* **WHAT THE TASK ASKS**: Repeat everything in the data exactly except images.

┄┄┄┄┄┄┄┄┄┄

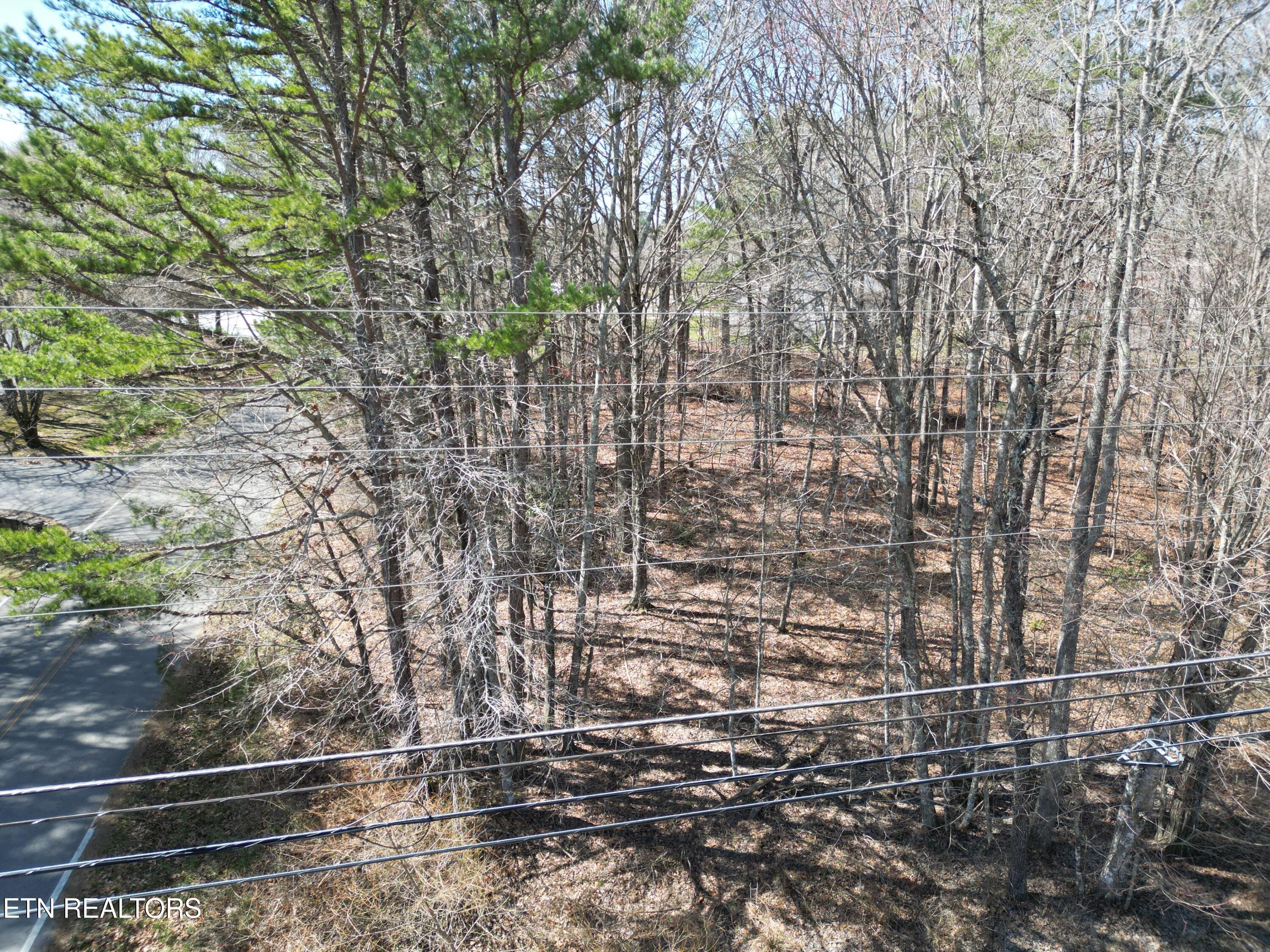 Image 2: DJI_0378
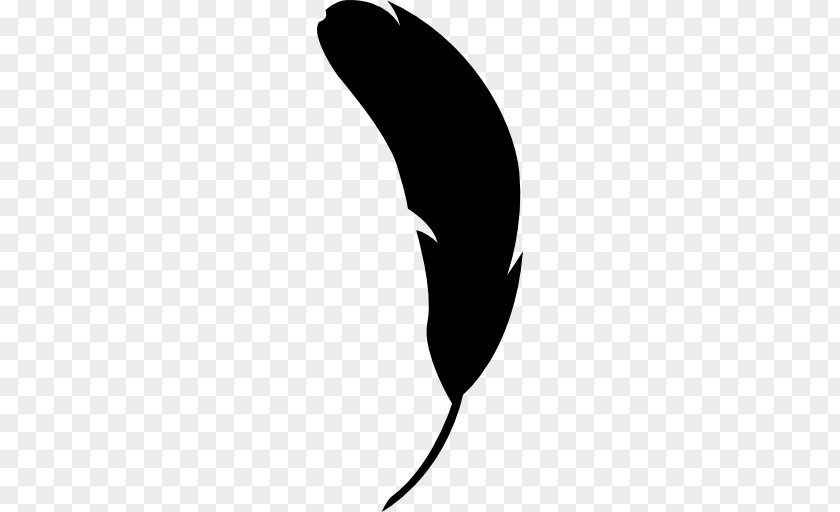 Black Feather Bird Shape Animal PNG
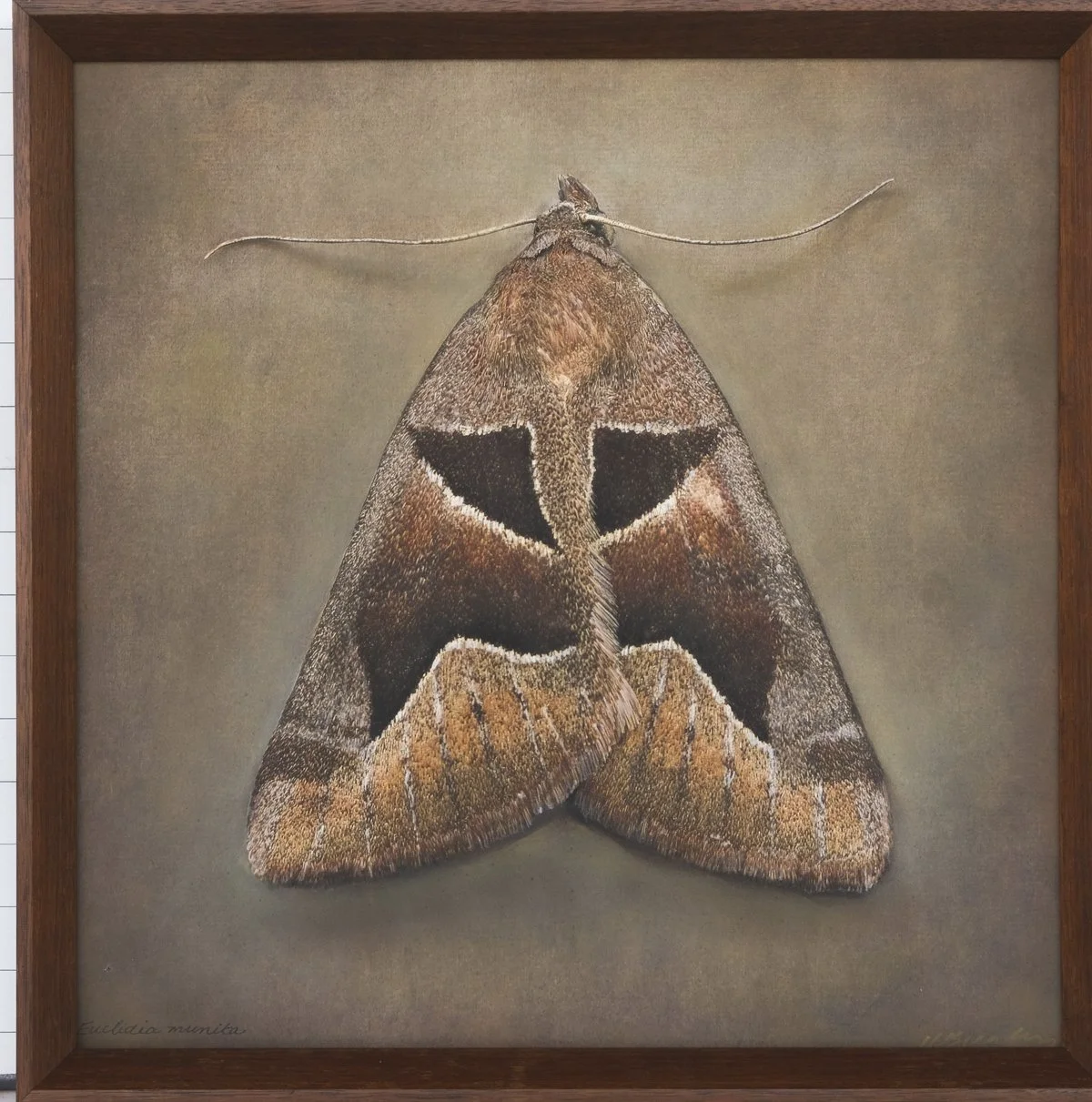   Euclidia munita   Image size 20 x 20”  Edition of 20 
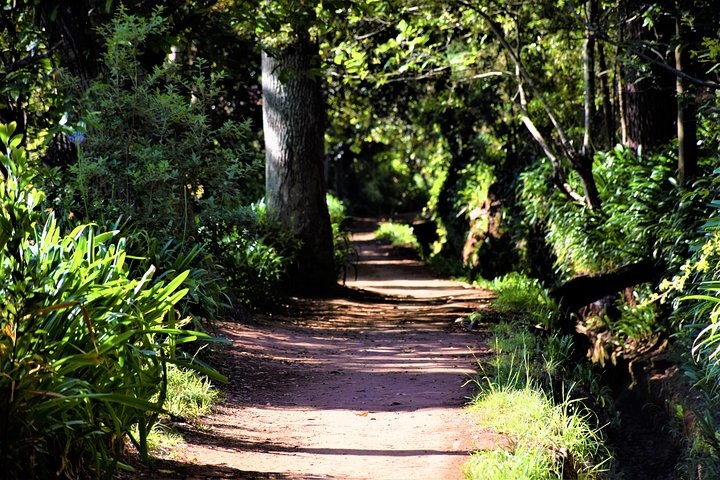 Walk - Paradise Valley - Image 2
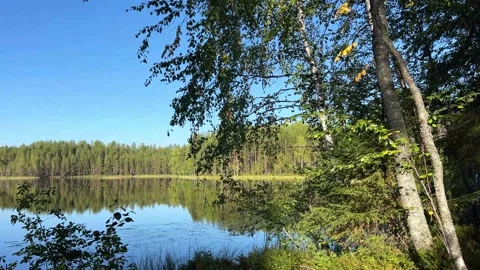 Lakeside Forest View with Blue Sky Perfect Nature Stock Footage 317629402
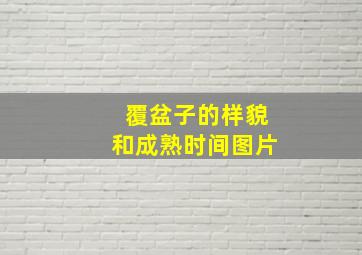 覆盆子的样貌和成熟时间图片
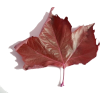 Leaf - Plants -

┄┄┄┄┄┄┄┄┄┄

* **THE ANSWER**:
 Image 2: DJI_0378
 Black Feather Bird Shape Animal PNG
   Euclidia munita   Image size 20 x 20”  Edition of 20 
 Walk - Paradise Valley - Image 2
 Lakeside Forest View with Blue Sky Perfect Nature Stock Footage 317629402
 覆盆子的样貌和成熟时间图片
 Leaf - Plants -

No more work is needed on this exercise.